Offline Risk-sensitive RL with Partial Observability to Enhance Performance in Human-Robot Teaming
Giorgio Angelotti, Caroline P. C. Chanel, Adam H. M. Pinto, Christophe Lounis, Corentin Chauffaut, Nicolas Drougard
TL;DR
The paper tackles offline risk-sensitive decision-making in human-robot teaming under partial observability by learning a data-driven POMDP with Bayesian uncertainty from a fixed Firefighter Robot Game dataset. It extends Exploitation vs Caution (EvC) policy selection to POMDPs, sampling observation models from Dirichlet posteriors and evaluating policies via $VaR_{q}$ with $q=0.5$ across multiple discount factors using SARSOP. A practical pipeline trains four Extra Tree classifiers to map multimodal physiological and behavioral features to observations, defines a trivial POMDP, and computes robust policies that generalize across diverse participants.

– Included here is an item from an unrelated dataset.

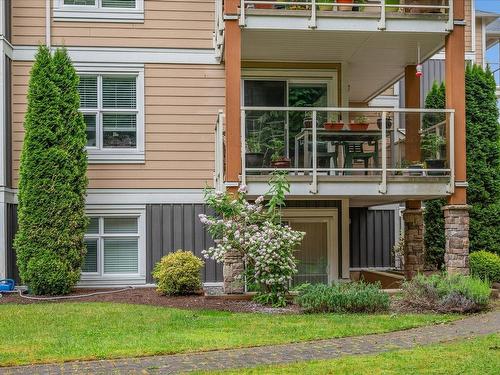 102-4701 Uplands Dr, Nanaimo, BC - Outdoor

Validation with 26 participants shows the robust POMDP policy achieves higher scores than the data-collection policy, indicating improved robustness and generalization in HITL-RL under uncertainty. The work demonstrates how partial observability and model uncertainty can be addressed in offline HITL contexts, enabling safer, more effective human-robot collaboration in real-world tasks.
Abstract
The integration of physiological computing into mixed-initiative human-robot interaction systems offers valuable advantages in autonomous task allocation by incorporating real-time features as human state observations into the decision-making system. This approach may alleviate the cognitive load on human operators by intelligently allocating mission tasks between agents. Nevertheless, accommodating a diverse pool of human participants with varying physiological and behavioral measurements presents a substantial challenge. To address this, resorting to a probabilistic framework becomes necessary, given the inherent uncertainty and partial observability on the human's state. Recent research suggests to learn a Partially Observable Markov Decision Process (POMDP) model from a data set of previously collected experiences that can be solved using Offline Reinforcement Learning (ORL) methods. In the present work, we not only highlight the potential of partially observable representations and physiological measurements to improve human operator state estimation and performance, but also enhance the overall mission effectiveness of a human-robot team. Importantly, as the fixed data set may not contain enough information to fully represent complex stochastic processes, we propose a method to incorporate model uncertainty, thus enabling risk-sensitive sequential decision-making. Experiments were conducted with a group of twenty-six human participants within a simulated robot teleoperation environment, yielding empirical evidence of the method's efficacy. The obtained adaptive task allocation policy led to statistically significant higher scores than the one that was used to collect the data set, allowing for generalization across diverse participants also taking into account risk-sensitive metrics.